Bank Of The Ozarks Inc (NASDAQ:OZRK) Q4 2014 Earnings Conference Call - Final Transcript
Jan 16, 2015 • 11:00 am ET
Thank you. We will now begin the question-and-answer session. (Operator Instructions) Jennifer Demba, SunTrust Robinson.
Just curious on your thoughts on growth of the Texas economy and from your Real Estate Specialties Group for 2015, given that oil has continued to slide over the last month or so, further. I know when you and I talked in December, you didn't seem too concerned about it. But I'm just wondering about your thoughts now in terms of your overall growth outlook.
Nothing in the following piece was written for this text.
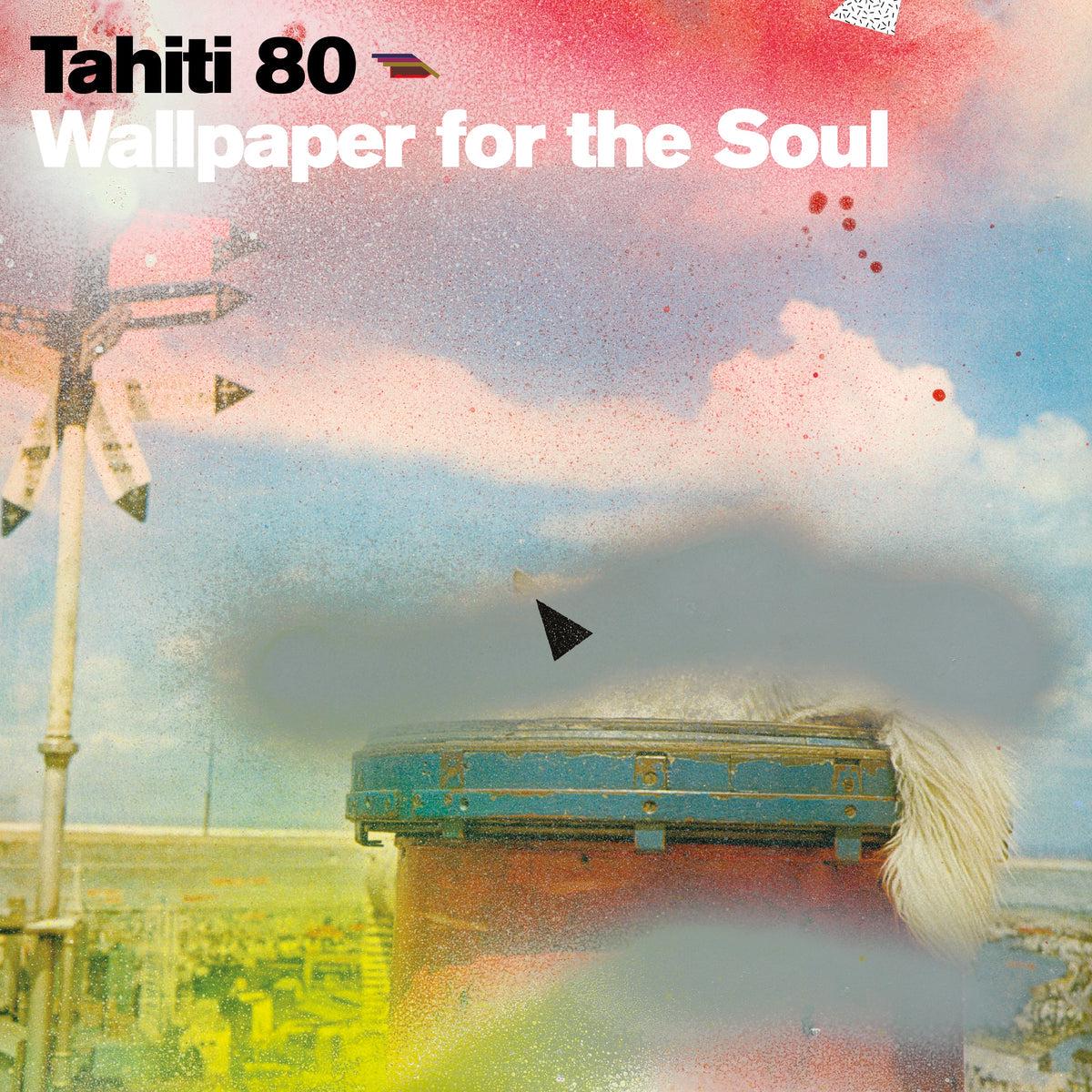 Tahiti 80 - Wallpaper For The Soul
Jennifer, I am still not too concerned about it. Let me make a few comments on that. If you look at our September 30, 2014, 10-Q on page 55 of that Q, you would have noticed a table that showed the percentage of our loans by State of originating office. And at that point, Texas accounted for a little over 50% of our total originations came from our dozen or so offices in Texas.
But those Texas, offices include the Dallas, Houston, and Austin offices of our Real Estate Specialties Group that has made loans in 41 States, at September 30, and rolling forward to December 31, had loans literally all across the country.
So to say that we have over 50% of our loans in Texas, is a misnomer and inaccuracy because -- in fact, our Texas, offices have originated over 50% of our loan, but the portion in Texas is much less than that.
If you look at the geographic distribution of our non-purchased real estate loans that are on pages 56 through 58 of that September 30, 2014 10-Q2, you can see a breakdown of loans by State of collateral. And Texas is our second largest state for loans at September 30, trailing Arkansas.
At that time Texas accounted for about 23.8% of our non-purchased real estate loans and about 20.2% of all of our non-purchased loans as of September 30.
So, yes, we have a significant amount of loans in Texas, but it's not the 50% plus that one might surmise if they look just at the state of originating office.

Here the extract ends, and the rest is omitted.